L'association demande que "les pouvoirs publics interviennent" pour mettre fin à une "politique de pénalisation" qui, selon elle, n'a d'autre justification que "la volonté des établissements bancaires de rentabiliser leur activité de banque de détail par la multiplication des commissions de toutes sortes".

La CLCV réclame ainsi le "plafonnement de ces frais par la loi, sur le modèle de ce qui est déjà appliqué pour des chèques rejetés d'un montant inférieur à 50 euros, pour lesquels les frais sont plafonnés à 30 euros" (loi Murcef de 2001, ndlr).

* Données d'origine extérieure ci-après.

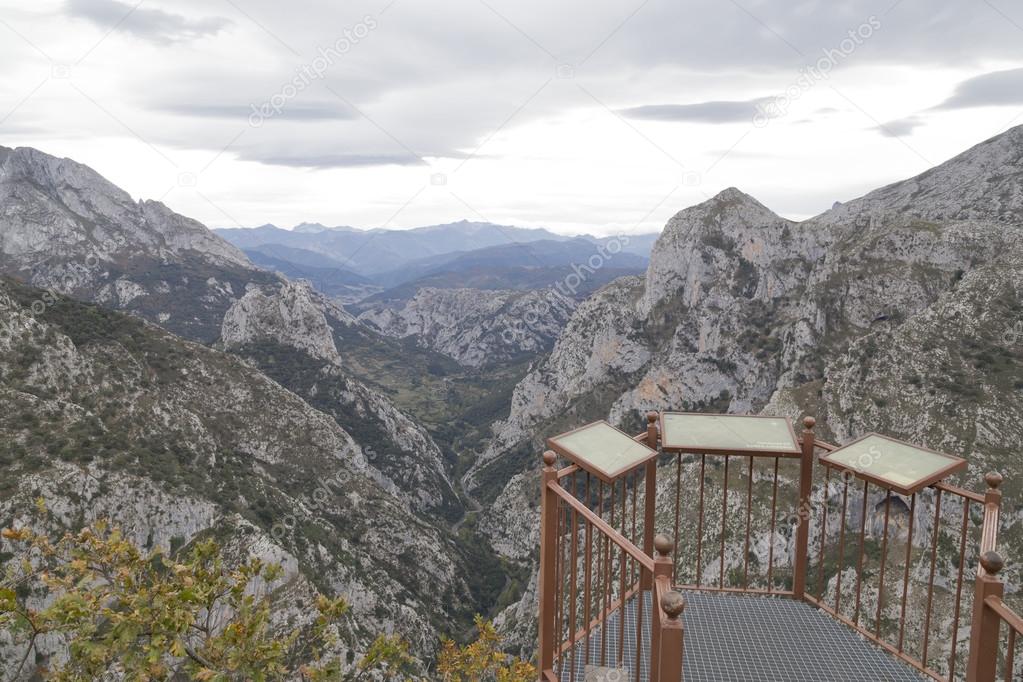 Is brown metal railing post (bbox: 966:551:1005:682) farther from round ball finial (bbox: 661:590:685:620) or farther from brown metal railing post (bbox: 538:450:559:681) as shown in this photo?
brown metal railing post (bbox: 538:450:559:681)

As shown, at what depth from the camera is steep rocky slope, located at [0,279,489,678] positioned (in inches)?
1494

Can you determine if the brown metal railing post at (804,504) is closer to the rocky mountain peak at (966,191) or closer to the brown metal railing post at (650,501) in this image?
the brown metal railing post at (650,501)

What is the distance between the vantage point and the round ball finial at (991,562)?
5109 mm

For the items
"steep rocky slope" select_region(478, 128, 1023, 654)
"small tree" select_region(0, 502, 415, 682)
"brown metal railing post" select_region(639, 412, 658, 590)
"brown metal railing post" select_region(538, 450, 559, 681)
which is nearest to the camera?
"small tree" select_region(0, 502, 415, 682)

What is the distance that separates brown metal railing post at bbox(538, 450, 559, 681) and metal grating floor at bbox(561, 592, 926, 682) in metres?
0.39

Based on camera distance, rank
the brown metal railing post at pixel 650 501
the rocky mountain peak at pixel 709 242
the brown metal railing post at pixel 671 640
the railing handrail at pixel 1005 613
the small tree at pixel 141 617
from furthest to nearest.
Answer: the rocky mountain peak at pixel 709 242, the brown metal railing post at pixel 650 501, the small tree at pixel 141 617, the brown metal railing post at pixel 671 640, the railing handrail at pixel 1005 613

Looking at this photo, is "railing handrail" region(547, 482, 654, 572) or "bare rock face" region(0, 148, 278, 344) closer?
"railing handrail" region(547, 482, 654, 572)

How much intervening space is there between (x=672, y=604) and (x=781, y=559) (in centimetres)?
5163

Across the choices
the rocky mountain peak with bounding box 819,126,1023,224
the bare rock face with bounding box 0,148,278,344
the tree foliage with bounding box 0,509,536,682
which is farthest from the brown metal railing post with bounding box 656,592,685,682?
the bare rock face with bounding box 0,148,278,344

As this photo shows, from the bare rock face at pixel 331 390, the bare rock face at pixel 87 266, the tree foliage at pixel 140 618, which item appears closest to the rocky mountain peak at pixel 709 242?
the bare rock face at pixel 331 390

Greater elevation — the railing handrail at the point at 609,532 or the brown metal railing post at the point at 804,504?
the railing handrail at the point at 609,532

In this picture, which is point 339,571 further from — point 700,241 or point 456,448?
point 456,448

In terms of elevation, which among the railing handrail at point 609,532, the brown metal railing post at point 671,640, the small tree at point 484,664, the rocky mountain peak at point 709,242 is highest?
the rocky mountain peak at point 709,242

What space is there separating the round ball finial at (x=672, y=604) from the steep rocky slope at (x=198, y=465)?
36980mm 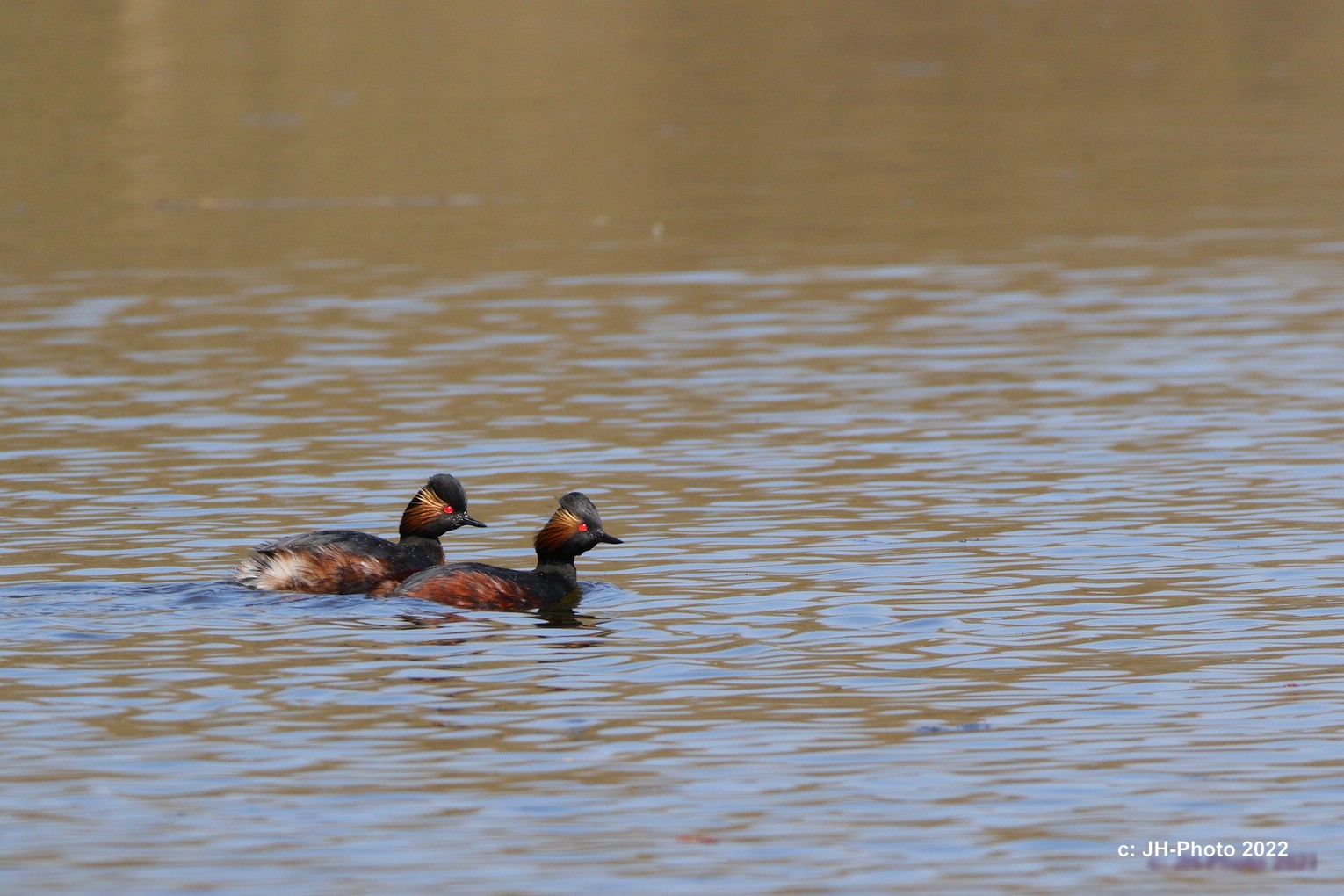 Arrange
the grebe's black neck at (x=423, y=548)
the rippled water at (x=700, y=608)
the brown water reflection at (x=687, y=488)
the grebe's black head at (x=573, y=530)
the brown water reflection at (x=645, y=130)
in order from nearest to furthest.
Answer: the rippled water at (x=700, y=608), the brown water reflection at (x=687, y=488), the grebe's black head at (x=573, y=530), the grebe's black neck at (x=423, y=548), the brown water reflection at (x=645, y=130)

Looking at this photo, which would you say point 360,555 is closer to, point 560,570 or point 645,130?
point 560,570

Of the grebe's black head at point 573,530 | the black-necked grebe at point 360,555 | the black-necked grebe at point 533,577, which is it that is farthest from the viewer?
the grebe's black head at point 573,530

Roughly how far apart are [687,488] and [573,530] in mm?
3361

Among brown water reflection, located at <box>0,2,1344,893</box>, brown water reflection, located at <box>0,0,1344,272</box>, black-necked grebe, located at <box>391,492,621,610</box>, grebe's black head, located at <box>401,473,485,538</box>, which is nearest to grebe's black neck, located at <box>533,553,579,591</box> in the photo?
black-necked grebe, located at <box>391,492,621,610</box>

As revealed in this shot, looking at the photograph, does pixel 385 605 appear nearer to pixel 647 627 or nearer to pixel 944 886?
pixel 647 627

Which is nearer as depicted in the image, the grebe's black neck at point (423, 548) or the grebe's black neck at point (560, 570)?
the grebe's black neck at point (560, 570)

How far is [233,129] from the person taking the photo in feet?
140

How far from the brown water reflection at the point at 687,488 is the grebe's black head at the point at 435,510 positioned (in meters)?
1.01

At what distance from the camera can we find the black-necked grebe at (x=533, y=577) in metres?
13.1

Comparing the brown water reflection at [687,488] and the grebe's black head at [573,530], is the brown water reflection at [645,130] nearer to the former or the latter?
the brown water reflection at [687,488]

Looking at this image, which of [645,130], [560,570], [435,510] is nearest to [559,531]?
[560,570]

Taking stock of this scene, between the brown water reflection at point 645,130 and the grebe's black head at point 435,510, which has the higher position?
the brown water reflection at point 645,130

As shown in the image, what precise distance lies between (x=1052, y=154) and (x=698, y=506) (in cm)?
2428

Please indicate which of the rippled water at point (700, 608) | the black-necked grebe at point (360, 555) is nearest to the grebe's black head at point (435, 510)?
the black-necked grebe at point (360, 555)
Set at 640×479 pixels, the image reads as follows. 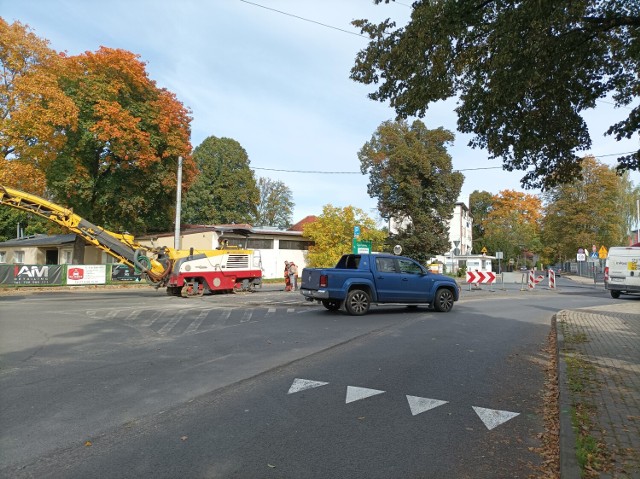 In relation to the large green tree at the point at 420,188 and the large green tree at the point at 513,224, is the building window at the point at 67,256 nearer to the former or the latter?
the large green tree at the point at 420,188

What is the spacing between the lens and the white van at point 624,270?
21.8 m

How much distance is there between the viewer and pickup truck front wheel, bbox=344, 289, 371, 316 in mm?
13586

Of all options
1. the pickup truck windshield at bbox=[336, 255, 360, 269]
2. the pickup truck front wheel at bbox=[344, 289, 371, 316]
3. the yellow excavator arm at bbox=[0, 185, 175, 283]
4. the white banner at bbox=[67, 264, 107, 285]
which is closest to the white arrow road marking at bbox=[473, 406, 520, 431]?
the pickup truck front wheel at bbox=[344, 289, 371, 316]

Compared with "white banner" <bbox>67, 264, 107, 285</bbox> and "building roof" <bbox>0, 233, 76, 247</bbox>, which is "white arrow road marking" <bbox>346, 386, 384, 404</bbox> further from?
"building roof" <bbox>0, 233, 76, 247</bbox>

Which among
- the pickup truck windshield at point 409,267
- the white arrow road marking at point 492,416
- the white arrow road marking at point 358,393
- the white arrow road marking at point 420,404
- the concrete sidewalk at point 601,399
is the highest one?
the pickup truck windshield at point 409,267

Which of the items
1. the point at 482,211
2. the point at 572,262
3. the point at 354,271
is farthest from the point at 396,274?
the point at 482,211

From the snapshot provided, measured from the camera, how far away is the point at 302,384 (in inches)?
243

Le Comité consultatif du secteur financier (CCSF), instance de dialogue entre les banques et les associations de consommateurs sous l'égide du ministère des Finances, se réunira mardi pour faire le point sur la question, a-t-on appris auprès de Bercy.

Lors d'une précédente réunion le 7 novembre, le ministre des Finances Thierry Breton s'était dit prêt à légiférer si aucun accord n'était trouvé avec les banques à ce sujet.

Ces dernières se sont engagées à proposer, en cas de problème avec un client, un entretien personnalisé pour "rechercher une solution adaptée". Elles n'ont pas donné suite à ce jour à la demande du ministre de pratiquer des remises totales ou partielles sur les frais bancaires cumulés.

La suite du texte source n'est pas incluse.